Over it all hangs the fate of the baby herself. She will likely have a short, painful, and neglectful life, in an orphanage where the caretakers accept bribes and sell clothes meant for their charges on the black market, and where at least one other kid was found by his adoptive mother (Clea Duvall) to have cigarette burns all over his thighs.
We’re primed by, well, pretty much all fiction to take Joe’s side in this fight. He’s the one saying he’ll care for this kid no matter the emotional cost, and that’s what parents are supposed to do. But in so doing, he’d be forcing his wife, who put her brain and body and bank account through sheer hell to come up empty time and time again, to take her lumps right along with him. Anka knows that on a certain level she’s being selfish, but surely the one silver lining to all her horrible troubles conceiving and carrying and adopting is that she has the chance to get exactly what she wants, right? That’s the trade-off she’s made in her mind with all the parents who never faced this struggle, the reward for suffering where they cruised right through. It’s the mark of a genuinely adult drama that, no matter what you yourself might choose, no choice is obviously right or wrong.
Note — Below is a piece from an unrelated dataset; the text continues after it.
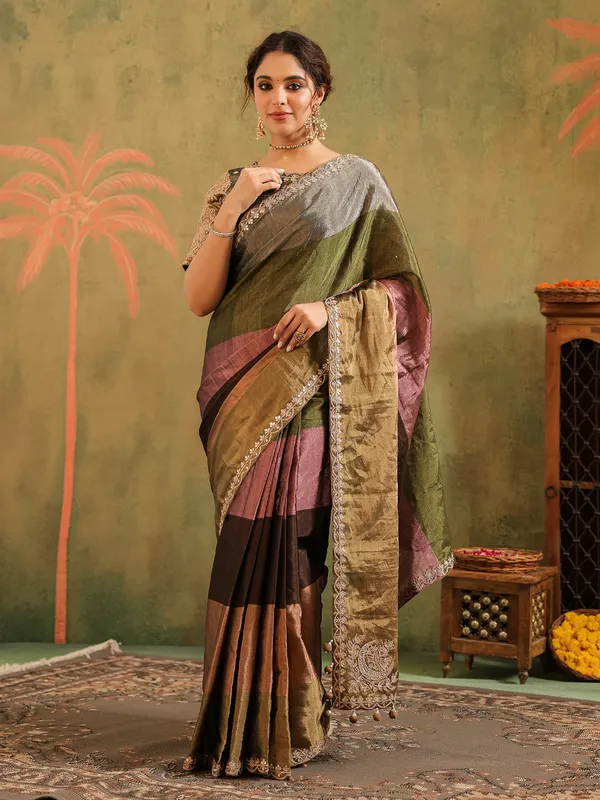 Multishade tissue silk with gota glam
Joe and Anka nearly break up. They have portentous nighttime encounters with a stray dog (Joe) and a sex worker (Anka), who call to mind what life is like when no one cares for you (in the former case) or when your choices are so limited they may as well not exist (in the latter). Earlier, Joe had seen a dead dog frozen in the snow; later, when they return to the children’s home, Anka sees two empty chairs (evocative of the ones in the “House of Special Purpose” where the Romanoffs were murdered; this is one of the first times the anthology format has really worked in the show’s favor, making intuitive rather than linear connections and letting our imagination do the rest). These sights fill them each with evident, and in the latter case almost supernatural, dread.
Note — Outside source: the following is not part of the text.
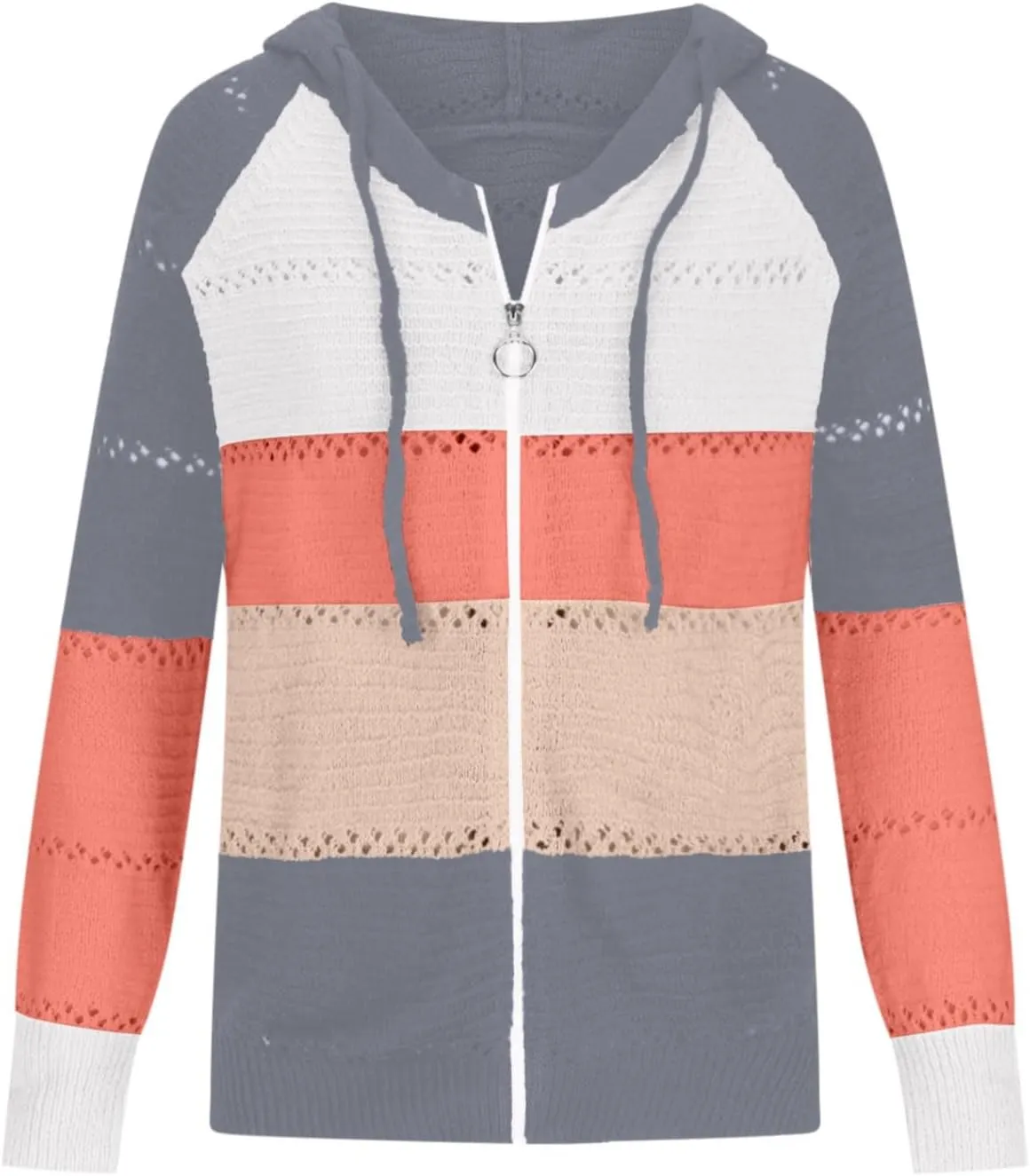 Womens Fall Casual Color Blocking Zipper Front Long Sleeve Pullover Knitted Hooded Sweater Top Blouse Sweater Coat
In the end, Joe compromises his values — and, one assumes, Anka buries the painful knowledge that he must blame her for making him do so. When Anka refuses to adopt Oksana, and Elena and the director of the children’s home protest, Jay steps in to defend his wife, saying she has every right to make this decision. He’s ready to flee with her when those chairs give her a bad feeling. But finally, in a last-ditch effort to preserve the deal, Elena and her colleague drop the bullshit they’d been feeding them all along and produce a healthy baby to give them instead. Joe and Anka bluff their way through the old switcheroo in front of the judge in charge of the custody hearing, and jet home to America, smiling at the little one all the way.
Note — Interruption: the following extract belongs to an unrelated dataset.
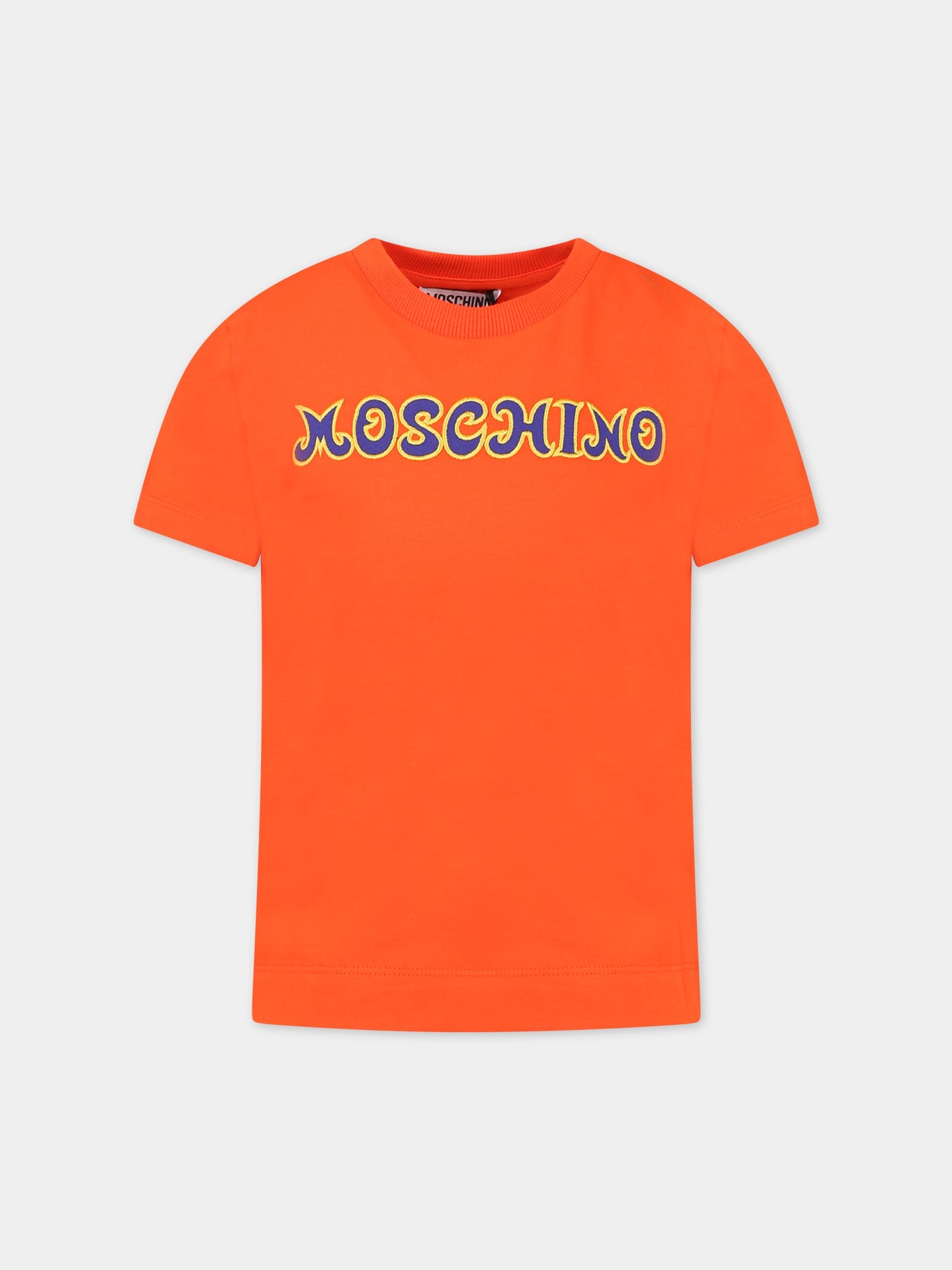 T-shirt arancione per bambino con logo,Moschino Kids,HPM03L LBA11 52455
Only … not really. When they pose for a photo outside the orphanage to commemorate the happy occasion, Joe’s smile is more like the grin of someone who’s deeply confused about what’s going on but understands he’s meant to be smiling anyway, or perhaps the grin of someone who’s trying to tough out a persistent physical pain. In the episode’s final shot, he turns from Anka and “Oksana” and looks out the window, dropping his smile as suddenly and severely as he did at the customs checkpoint when they arrived. The baby isn’t all he’s bringing home: life-overshadowing guilt, marriage-destroying resentment, and the kind of sorrow that can prematurely age you are all coming too.
And I think it would be a mistake to believe Anka’s problems have all been solved because she got the healthy baby she wanted. She has years ahead of her in which the joy of parenthood can subside long enough for her to remember that on a fundamental level, the man with whom she’s chosen to spend her life thinks she’s some kind of monster. Both of them spent so much time thinking about how trapped they felt in their inability to have a baby, and then about how trapped the baby they initially received and then rejected would be in her own illness and poverty, that neither gave any thought to the trap they’d just sprung on themselves. They’ll have a lifetime to think about it now.